Orlando blickte den vier jungen Männern mit unverhohlener Erleichterung nach. Ihre Gegenwart hatte immer wieder seine Eifersucht entfacht, auch wenn Lea sie eher wie jüngere Brüder behandelt hatte, die man nicht ganz ernst nehmen konnte. Mit ihm war sie jedoch nie so locker und fröhlich umgegangen, und das ärgerte ihn. Gleichzeitig bewunderte er sie, dass es ihr gelungen war, mehr als ein halbes Jahr ununterbrochen in einer Männergesellschaft zu leben, dabei ihr wahres Geschlecht vor so vielen neugierigen Blicken zu verbergen und gleichzeitig Aufgaben zu erledigen, an denen alle anderen einschließlich seiner eigenen Person gescheitert wären. Er sehnte sich danach, sie in die Arme zu nehmen, ihr zu sagen, dass er sie liebte und nie mehr loslassen wollte, doch die Gegenwart seiner Verwandten hinderte ihn daran.

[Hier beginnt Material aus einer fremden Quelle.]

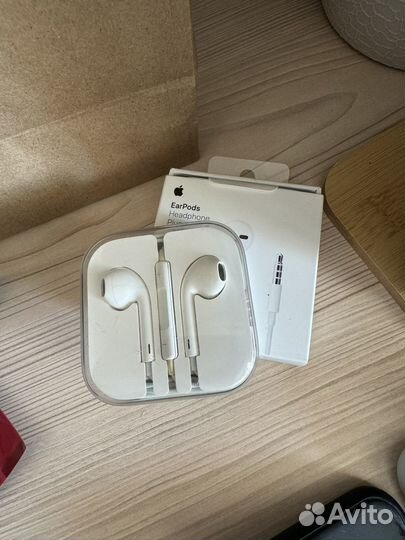 Наушники earpods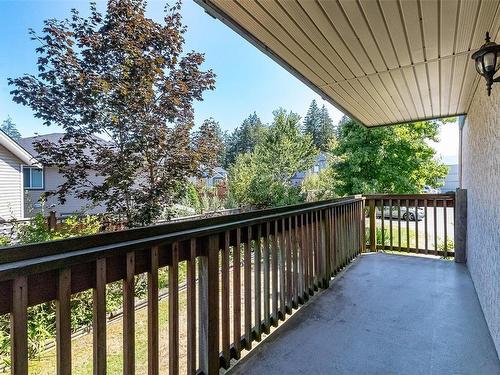 304-4728 Uplands Dr, Nanaimo, BC - Outdoor With Exterior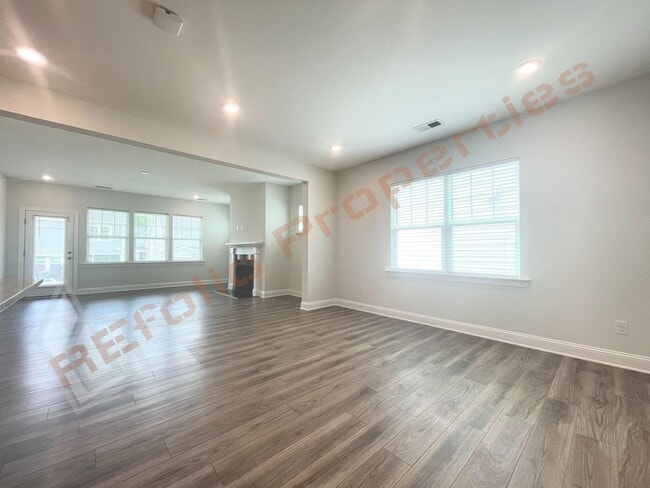 Building Photo - 213 Ivy Arbor Way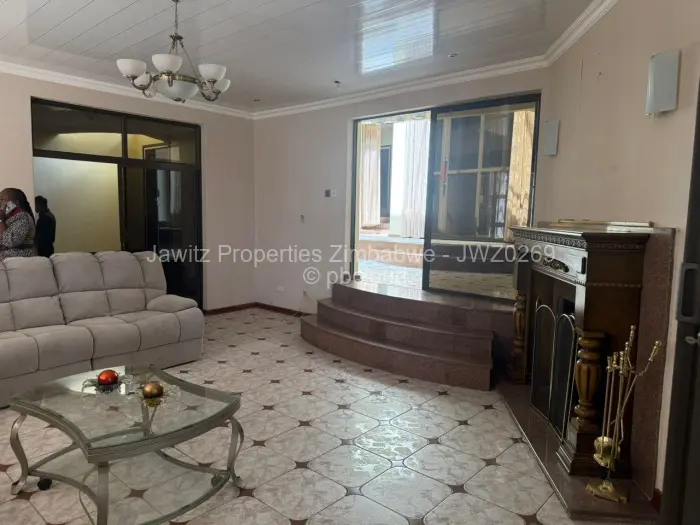 9 Bedroom House for Sale in Borrowdale, Harare
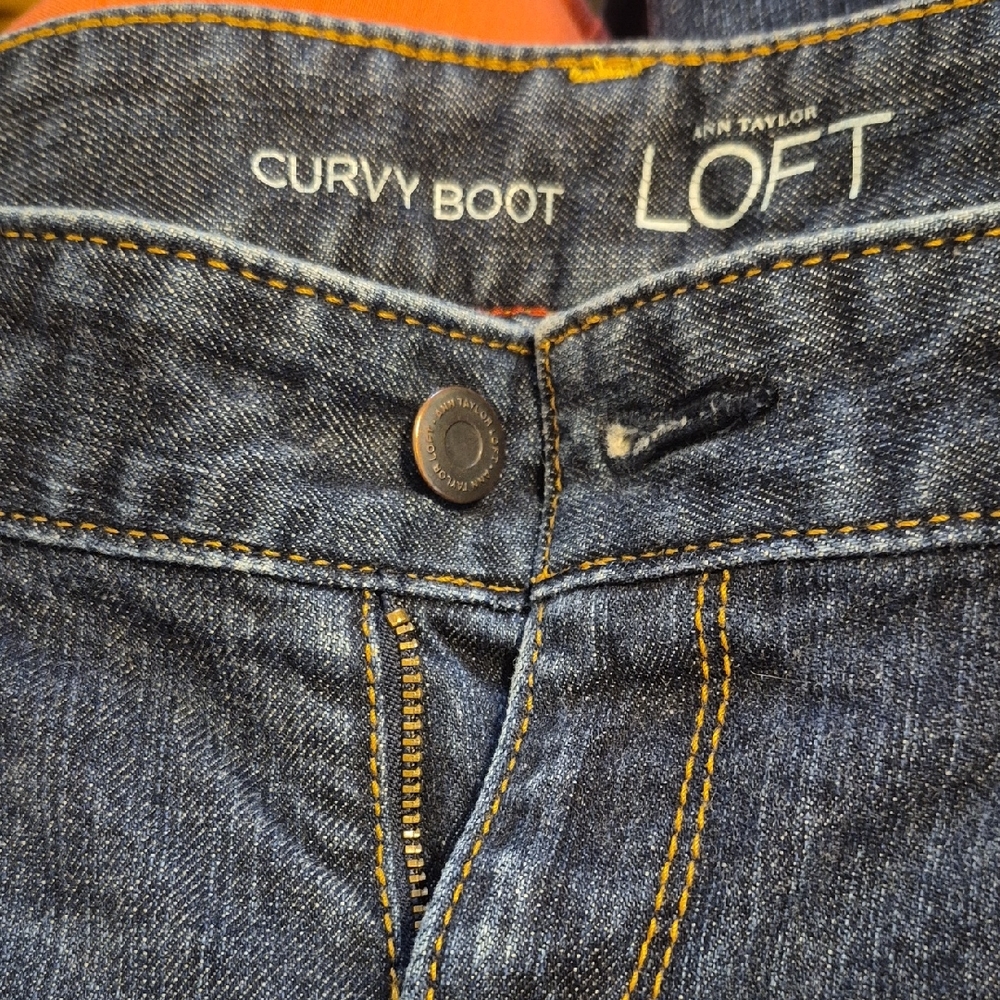 LOFT Dark Blue Denim Curvy Boot Jeans 8P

Nachdem die burgundischen Edelleute sich verabschiedet hatten, rückte der Zeitpunkt näher, an dem auch Lea die Reisegruppe verlassen musste. Orlando hätte sie am liebsten bis Hartenburg begleitet und seinen Onkel und dessen Leute alleine Weiterreisen lassen. Baramosta hatte sich jedoch immer noch nicht von der Verfolgung und dem langen Eingesperrtsein im Kloster erholt; er war ängstlich und unbeholfen wie ein kleines Kind, und da es seinen Angehörigen kaum besser ging und keiner von ihnen der deutschen Sprache mächtig war, musste Orlando bei ihnen bleiben. Aus diesem Grund versuchte er Lea zu überreden, ihn zu begleiten.